*Exercise description:* Restate all the data exactly, so that each line is the same as before.
* * * * * * *
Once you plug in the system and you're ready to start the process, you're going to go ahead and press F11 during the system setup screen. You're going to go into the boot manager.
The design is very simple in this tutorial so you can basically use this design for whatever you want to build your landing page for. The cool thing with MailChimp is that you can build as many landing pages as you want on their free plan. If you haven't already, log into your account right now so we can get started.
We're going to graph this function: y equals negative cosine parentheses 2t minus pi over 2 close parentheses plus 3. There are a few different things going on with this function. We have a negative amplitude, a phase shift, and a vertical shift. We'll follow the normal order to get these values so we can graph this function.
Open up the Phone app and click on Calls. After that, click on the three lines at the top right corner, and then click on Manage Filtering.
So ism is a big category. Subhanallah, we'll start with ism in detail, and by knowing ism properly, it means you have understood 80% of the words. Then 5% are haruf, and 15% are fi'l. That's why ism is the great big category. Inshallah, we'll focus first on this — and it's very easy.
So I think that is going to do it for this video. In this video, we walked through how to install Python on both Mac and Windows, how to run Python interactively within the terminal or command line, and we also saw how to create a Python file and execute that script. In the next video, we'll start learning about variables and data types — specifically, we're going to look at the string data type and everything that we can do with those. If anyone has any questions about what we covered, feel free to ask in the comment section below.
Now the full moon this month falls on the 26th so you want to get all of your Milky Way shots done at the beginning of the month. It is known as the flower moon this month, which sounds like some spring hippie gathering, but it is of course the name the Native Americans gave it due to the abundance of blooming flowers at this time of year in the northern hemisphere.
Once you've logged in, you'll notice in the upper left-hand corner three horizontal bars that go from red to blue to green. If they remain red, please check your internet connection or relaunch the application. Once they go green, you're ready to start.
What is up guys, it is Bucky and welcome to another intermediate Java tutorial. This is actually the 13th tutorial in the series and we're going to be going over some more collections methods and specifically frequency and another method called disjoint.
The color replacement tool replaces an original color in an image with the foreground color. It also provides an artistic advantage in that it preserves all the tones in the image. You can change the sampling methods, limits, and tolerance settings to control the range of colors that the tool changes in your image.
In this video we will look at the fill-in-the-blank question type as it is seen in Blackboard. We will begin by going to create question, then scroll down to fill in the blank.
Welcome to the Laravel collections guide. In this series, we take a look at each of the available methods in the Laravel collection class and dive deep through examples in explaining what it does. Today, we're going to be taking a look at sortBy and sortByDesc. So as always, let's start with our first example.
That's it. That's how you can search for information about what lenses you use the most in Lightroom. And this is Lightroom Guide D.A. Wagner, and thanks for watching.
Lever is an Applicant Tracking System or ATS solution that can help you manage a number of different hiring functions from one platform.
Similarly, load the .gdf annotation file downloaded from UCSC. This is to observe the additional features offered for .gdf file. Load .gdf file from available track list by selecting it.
* * * * * * *
*Response:*
Once you plug in the system and you're ready to start the process, you're going to go ahead and press F11 during the system setup screen. You're going to go into the boot manager.
The design is very simple in this tutorial so you can basically use this design for whatever you want to build your landing page for. The cool thing with MailChimp is that you can build as many landing pages as you want on their free plan. If you haven't already, log into your account right now so we can get started.
We're going to graph this function: y equals negative cosine parentheses 2t minus pi over 2 close parentheses plus 3. There are a few different things going on with this function. We have a negative amplitude, a phase shift, and a vertical shift. We'll follow the normal order to get these values so we can graph this function.
Open up the Phone app and click on Calls. After that, click on the three lines at the top right corner, and then click on Manage Filtering.
So ism is a big category. Subhanallah, we'll start with ism in detail, and by knowing ism properly, it means you have understood 80% of the words. Then 5% are haruf, and 15% are fi'l. That's why ism is the great big category. Inshallah, we'll focus first on this — and it's very easy.
So I think that is going to do it for this video. In this video, we walked through how to install Python on both Mac and Windows, how to run Python interactively within the terminal or command line, and we also saw how to create a Python file and execute that script. In the next video, we'll start learning about variables and data types — specifically, we're going to look at the string data type and everything that we can do with those. If anyone has any questions about what we covered, feel free to ask in the comment section below.
Now the full moon this month falls on the 26th so you want to get all of your Milky Way shots done at the beginning of the month. It is known as the flower moon this month, which sounds like some spring hippie gathering, but it is of course the name the Native Americans gave it due to the abundance of blooming flowers at this time of year in the northern hemisphere.
Once you've logged in, you'll notice in the upper left-hand corner three horizontal bars that go from red to blue to green. If they remain red, please check your internet connection or relaunch the application. Once they go green, you're ready to start.
What is up guys, it is Bucky and welcome to another intermediate Java tutorial. This is actually the 13th tutorial in the series and we're going to be going over some more collections methods and specifically frequency and another method called disjoint.
The color replacement tool replaces an original color in an image with the foreground color. It also provides an artistic advantage in that it preserves all the tones in the image. You can change the sampling methods, limits, and tolerance settings to control the range of colors that the tool changes in your image.
In this video we will look at the fill-in-the-blank question type as it is seen in Blackboard. We will begin by going to create question, then scroll down to fill in the blank.
Welcome to the Laravel collections guide. In this series, we take a look at each of the available methods in the Laravel collection class and dive deep through examples in explaining what it does. Today, we're going to be taking a look at sortBy and sortByDesc. So as always, let's start with our first example.
That's it. That's how you can search for information about what lenses you use the most in Lightroom. And this is Lightroom Guide D.A. Wagner, and thanks for watching.
Lever is an Applicant Tracking System or ATS solution that can help you manage a number of different hiring functions from one platform.
Similarly, load the .gdf annotation file downloaded from UCSC. This is to observe the additional features offered for .gdf file. Load .gdf file from available track list by selecting it.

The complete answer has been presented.